DATA SUPPLIED:

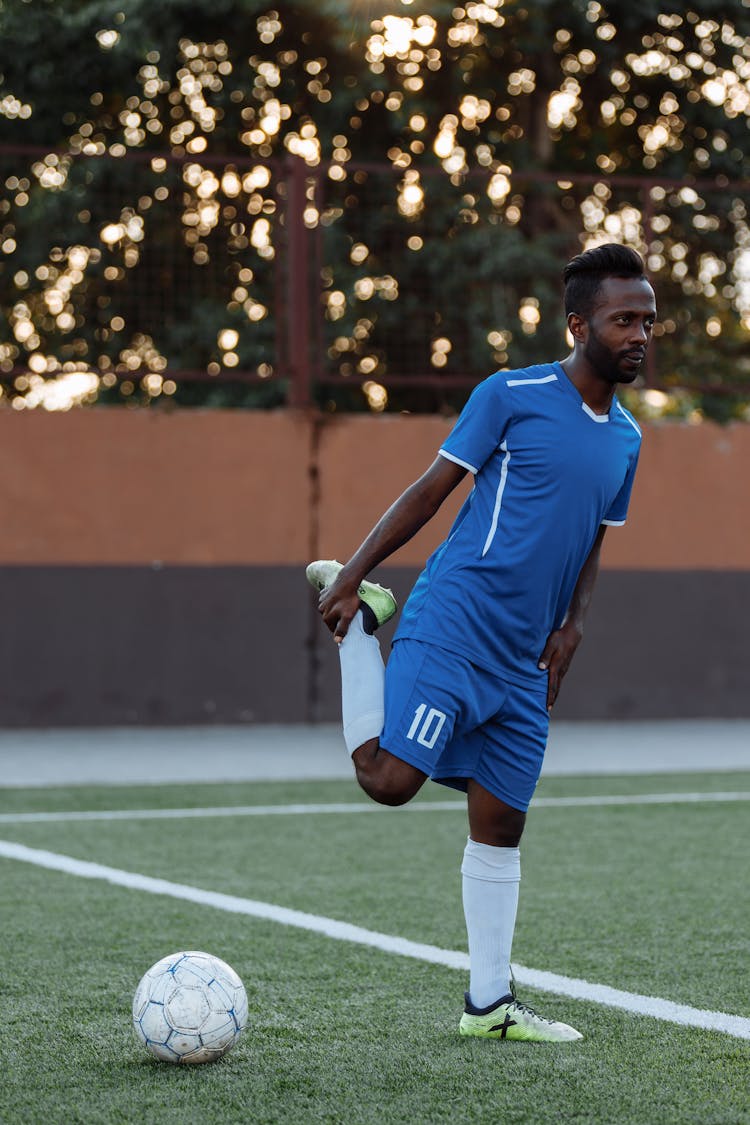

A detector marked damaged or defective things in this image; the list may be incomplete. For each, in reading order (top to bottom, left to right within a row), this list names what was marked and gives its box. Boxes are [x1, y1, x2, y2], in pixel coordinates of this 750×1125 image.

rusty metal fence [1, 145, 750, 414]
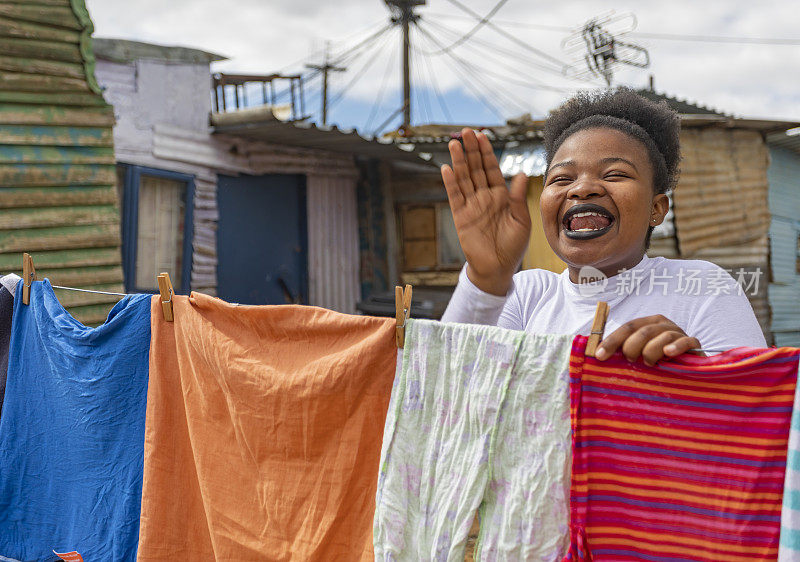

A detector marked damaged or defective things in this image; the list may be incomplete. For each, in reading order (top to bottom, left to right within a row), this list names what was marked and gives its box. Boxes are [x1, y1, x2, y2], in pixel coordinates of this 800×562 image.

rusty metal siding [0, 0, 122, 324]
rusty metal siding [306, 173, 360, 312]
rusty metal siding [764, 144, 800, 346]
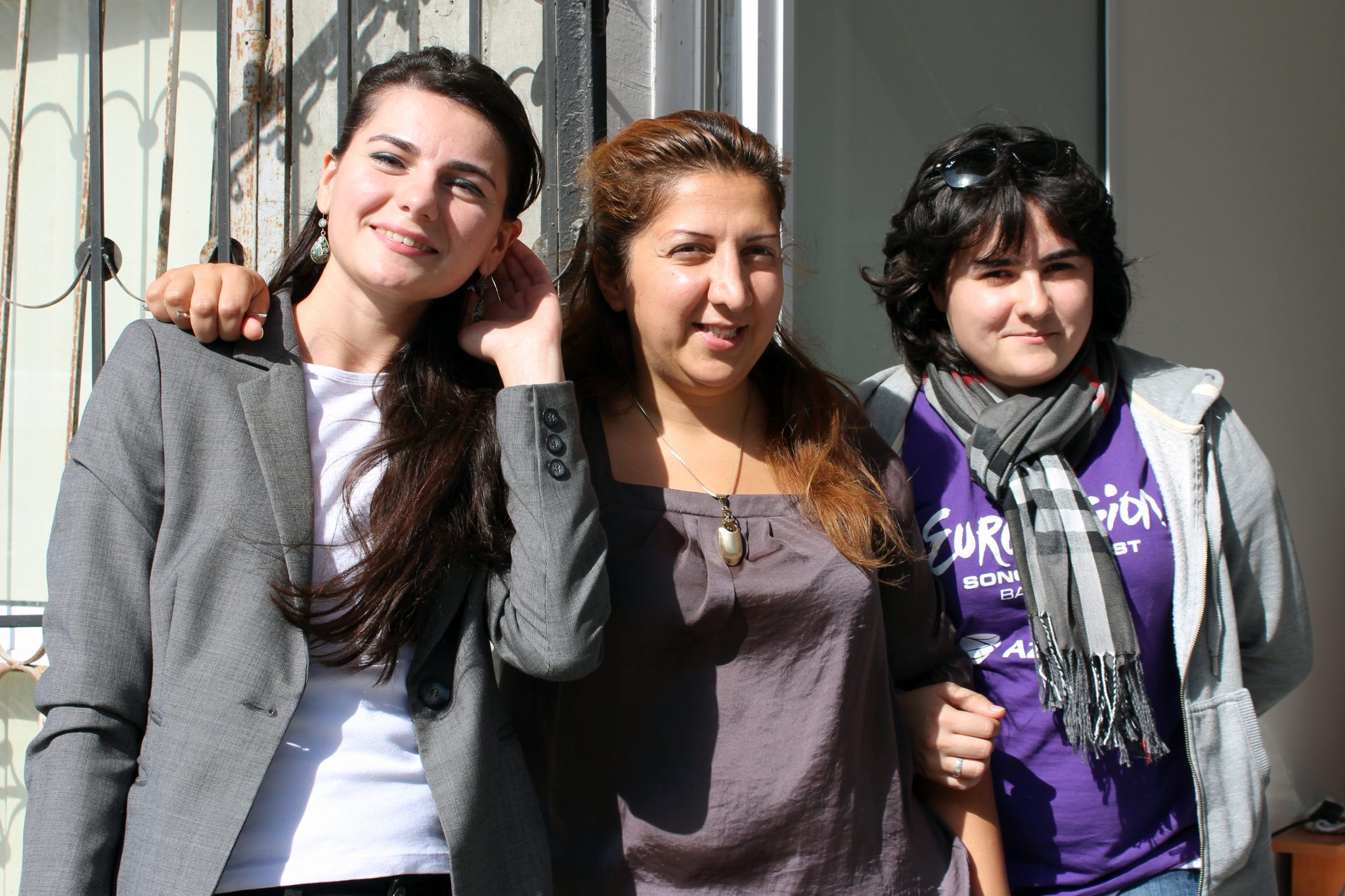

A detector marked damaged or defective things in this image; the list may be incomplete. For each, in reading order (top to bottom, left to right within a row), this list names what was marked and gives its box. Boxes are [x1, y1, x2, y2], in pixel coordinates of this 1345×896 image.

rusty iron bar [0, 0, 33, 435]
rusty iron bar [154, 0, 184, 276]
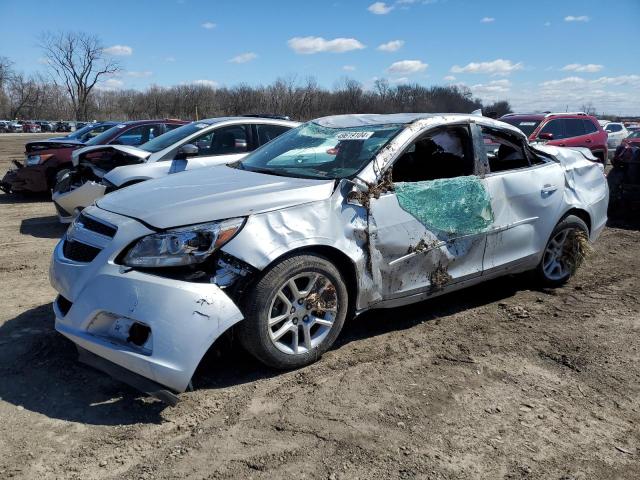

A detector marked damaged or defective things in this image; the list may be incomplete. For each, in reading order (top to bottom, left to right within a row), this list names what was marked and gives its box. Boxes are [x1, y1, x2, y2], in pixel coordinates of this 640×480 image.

EXERCISE GOAL: Omit the pictures and write out the remaining data exactly.

YOUR RESPONSE:
A detector marked damaged or defective things in this image; the list may be incomplete. For each, in reading order (top to bottom, left to right within a row), this list names what was marked and gives its box. Boxes are [x1, y1, x2, y2], in pixel coordinates of this 750×1125 image.

rusty metal fence [1, 145, 750, 414]

A detector marked damaged or defective things in this image; the list may be incomplete. For each, in reading order (top to bottom, left to right within a row), this list names what was marked and gives its box. Boxes are [x1, y1, x2, y2], in pixel coordinates of this 800×562 image.

rusty metal siding [0, 0, 122, 324]
rusty metal siding [306, 173, 360, 312]
rusty metal siding [764, 144, 800, 346]

A detector marked damaged or defective things in this image; the list may be incomplete. For each, in reading order (top to bottom, left to right within a row), this list names what was marked and gives its box. Boxes are [x1, y1, x2, y2], in pixel coordinates of this 1345×896 image.

rusty iron bar [0, 0, 33, 435]
rusty iron bar [154, 0, 184, 276]

A detector marked damaged or defective things in this image; the list may be incomplete. For each, in reading order (top to bottom, left to right within a row), this list names what was marked and gives its box. Boxes are [x1, y1, x2, y2], in pixel coordinates of this 640×480 image.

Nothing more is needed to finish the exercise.